*** Begin section ***

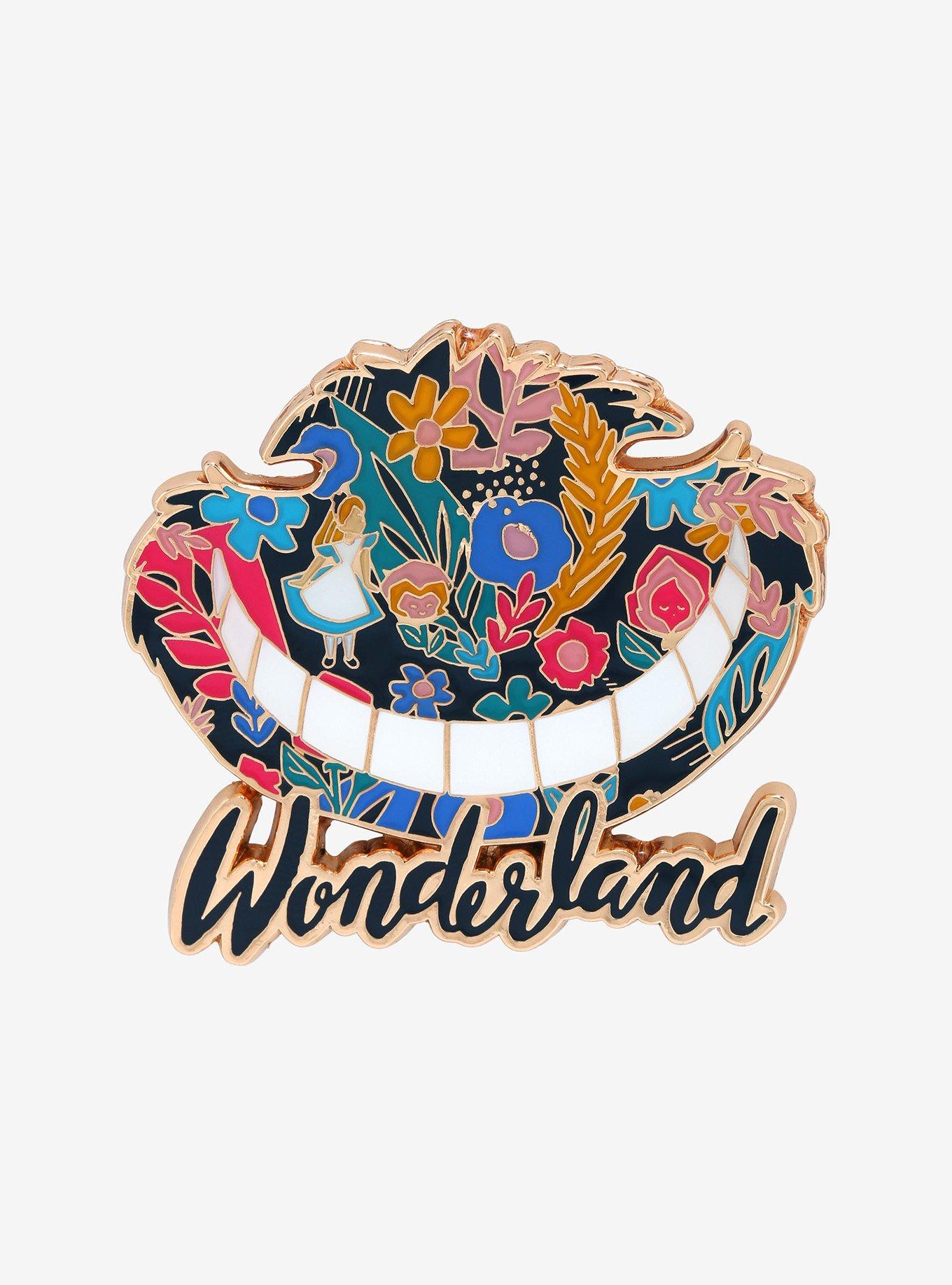 Loungefly Disney Alice in Wonderland Floral Grin Enamel Pin - BoxLunch Exclusive, , hi-res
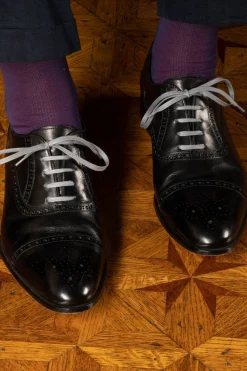 Flat Dark Gray Waxed Cotton Shoelaces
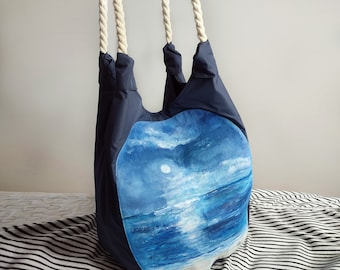 Round bottom bucket bag, custom drawstring bag, hand painted beach bag for women, handbag by the sea, eco friendly bag, blue hobo bag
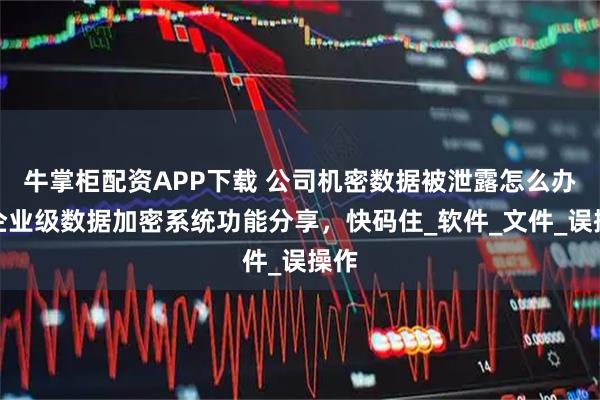 牛掌柜配资APP下载 公司机密数据被泄露怎么办？企业级数据加密系统功能分享，快码住_软件_文件_误操作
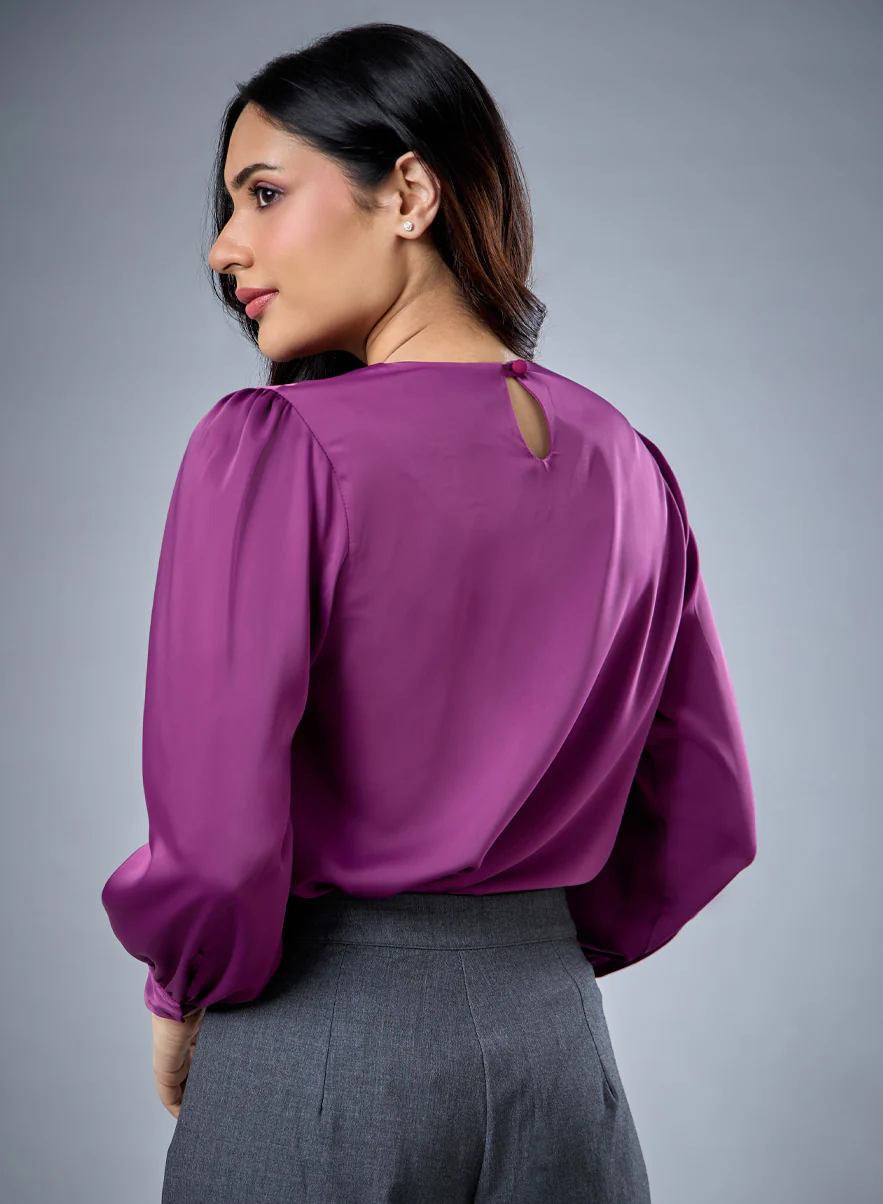 Neck Detailed Purple Chiffon Top - Image 4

*** End section ***

TASK ITEM –
Reproduce verbatim, and only, the lines starting at the one that contains "Round bottom bucket" and ending with the final line of the records; leave out the pictures.

ANSWER BOX –
 Round bottom bucket bag, custom drawstring bag, hand painted beach bag for women, handbag by the sea, eco friendly bag, blue hobo bag
 牛掌柜配资APP下载 公司机密数据被泄露怎么办？企业级数据加密系统功能分享，快码住_软件_文件_误操作
 Neck Detailed Purple Chiffon Top - Image 4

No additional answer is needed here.